Opportunities of a Digital Economy
Throughout history, the global economy has gone through various stages, where a certain segment of the economy has become dominant. Once agriculture was the center, and then the industrial revolution changed things, and with the digital economy still in a growth stage the focus is shifted once again. Technology is being incorporated into nearly every kind of business including healthcare, home improvement, the automotive industry, energy management, finance, the government and more. Regardless of the industry, new businesses can take advantage of HR Technology as they move through the hiring process and enter into the crucial early months of their professional relations.
Finding Team Players for Your Startup
But even as HR technology makes life easier for newer small to medium sized businesses, these companies still need to define their values and develop a sense of what they want from their employees. They also need to nurture their own brand in order to make the right impression to their prospects.
With fewer employees, each person on staff counts that much more. Before setting out on a recruiting mission, startups need to define exactly what they really need from those who work with them and consider attributes that would benefit the company that they could live without if they had to. This means composing strong job descriptions that outline the needs of the company and that are upfront about potential challenges that a new recruit might face.
By the time many startups come to the conclusion that they need help, they often are eager to hire somebody “yesterday.” But rushing the hiring process isn’t a good idea. Interviews need to be well planned and organized, connect with the applicant on a personal level, and properly present the company’s story and the meaning of their brand. There should be time for more than a single interview, and the applicant should be able to envision their place as a part of the company, not just as someone who works for it.

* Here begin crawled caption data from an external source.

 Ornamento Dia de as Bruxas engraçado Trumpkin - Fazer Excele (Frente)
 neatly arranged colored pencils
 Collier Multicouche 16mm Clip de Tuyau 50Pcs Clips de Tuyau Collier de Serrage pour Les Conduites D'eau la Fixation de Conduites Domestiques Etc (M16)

While leaving a good impression is always good, startups also need to be honest about what a candidate should expect if they decide to join the team. The culture of a startup often runs at a fast or even inconsistent pace. When the day to day realities are not properly communicated, turnover can occur in a matter of weeks and even more resources will need to be placed in recruiting and training efforts.
Current HR technology can help make hiring easier for new and smaller businesses. With access to analytics there is less guesswork to what it means to find a “good fit.”

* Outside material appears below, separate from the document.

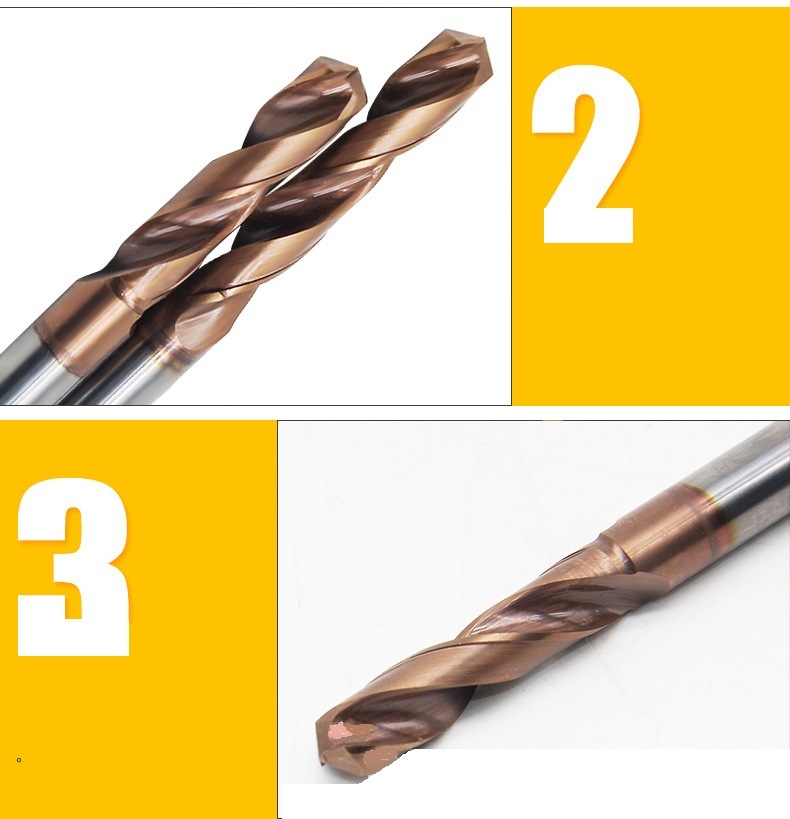 Straight Shank Tungsten Carbide Twist Drill Bit with Amber Coating (SED-CTD-SA)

Building Strong Working Relationships
When it comes to salary, many startups can’t offer what their larger competitors are putting on the table, but that doesn’t mean they don’t have something special to offer. Many owners look into hiring workers who are able to work remotely. This expands the candidate pool to include overseas employees or allows people to work from home. Many consider this an invaluable benefit. Once hired, employees need to be given ownership of their responsibilities, and encouragement to take a vested interest. Let them know they are part of the company, and not simply “worker bees.” Take time to communicate with staff regularly to address concerns, listen to ideas, and limit frustration and disappointment where everyone is concerned.